Sir David - I must give PGW another go, was actually thinking of doing so when reading the very Waugh declaration you quoted.
Alice Goodman - fascinating case in point of someone who is, ahem, difficult on a personal level. I respected her hugely, still do, as a poet and the greatest librettist since Hofmannshal, but not so easy to keep her happy in real life. I must tell you J's ear-tugging story some time.
Anyway, true art is about not finding black and white solutions, probing the grey areas and the abyss in between, and coming out with humanity enriched. There, what a grand and possibly pompous statement, but I wrote it so I'll let it stand.
On your last point, the human predicament is indeed ambiguous - one doesn't know whether to laugh or cry. The masks of Comedy and Tragedy are one mask - it depends on which way you look at it. And as you know, Aristotle would agree with you.
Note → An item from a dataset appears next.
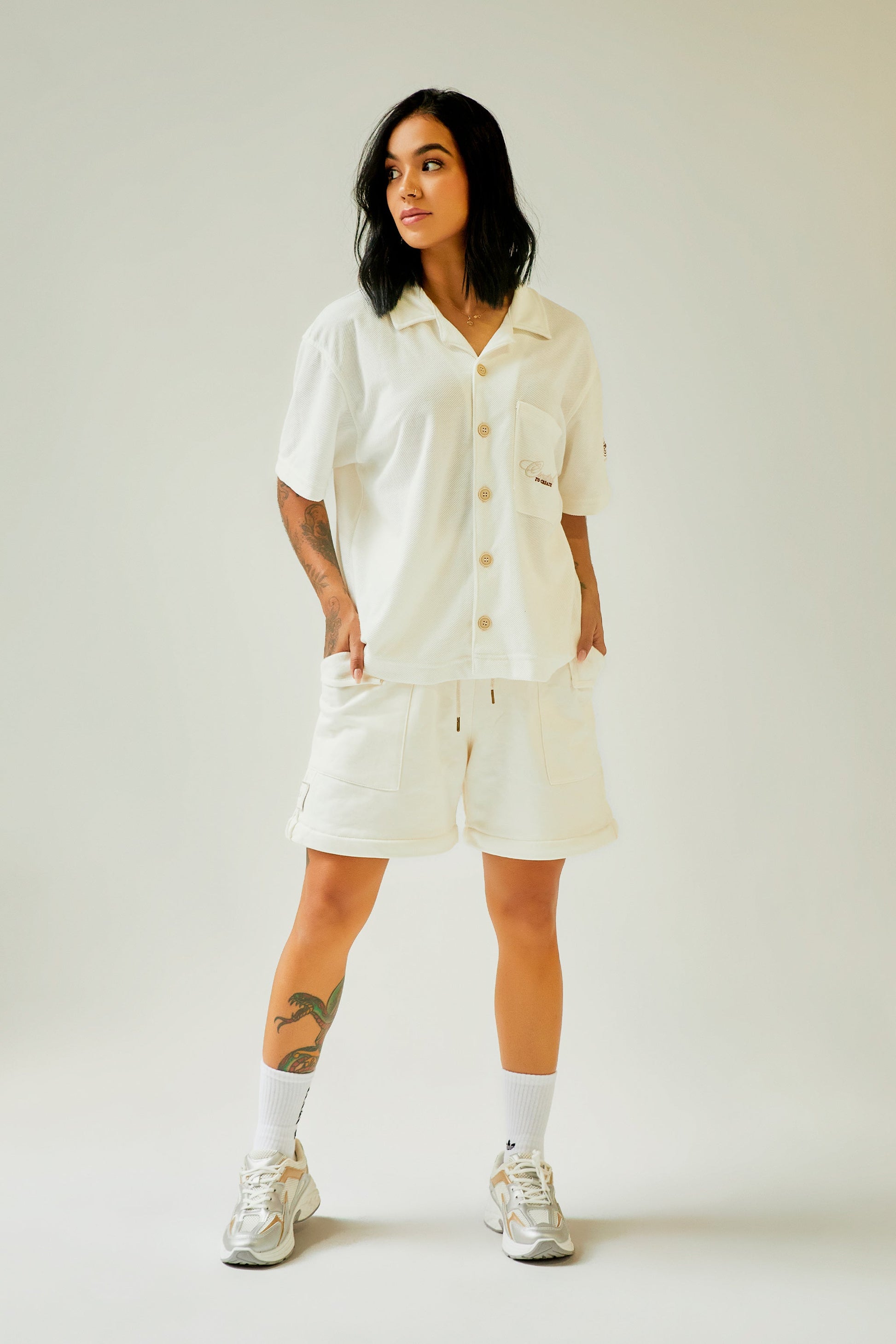Camisa ivory manga corta con bolsillo bordado Kavans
The aficionados of Wodehouse might pick Joy in the Morning, and I can suggest a reason ( though I have not seen the point made anywhere). The genius of PGW is expressed in his prose. He wrote Joy in the Morning at the beginning of the war, but of course could not publish it until after the war. All this time he had the text with him, so he could polish and polish.However Waugh's Garden of Eden from which we are excluded is more directly described in the Blandings Castle volumes ( such as Summer Lightning or Pigs have Wings). Incidentally, A Damsel in Distress is in my view a preliminary canter in the Blandings direction, and lacks the genius, though many PGW lovers rate it ( the Damsel )
The quote from Alice Goodman recalls the remark of Terence " Homo sum, humani nihil a me aleinum puto " Apart from puto - "I think" - this translates itself ! !
I think Pinfold is my favorite Waugh although it's hard to compete with this opener:
"'You will not find your father greatly
changed,’ remarked LadyMoping, as the car turned into the gates of the County Asylum. ‘Will he be wearing a uniform ?’ asked Angela, “No, dear, of course not. He is receiving the very best attention.’"
Of course - the short stories. I must devour those too. I gather there's a sequel to the misadventures of Basil Seal among them. It is ALL worth reading, though I find Brideshead the least characteristic, way too purple-prosy and sentimental, even if EW explains why.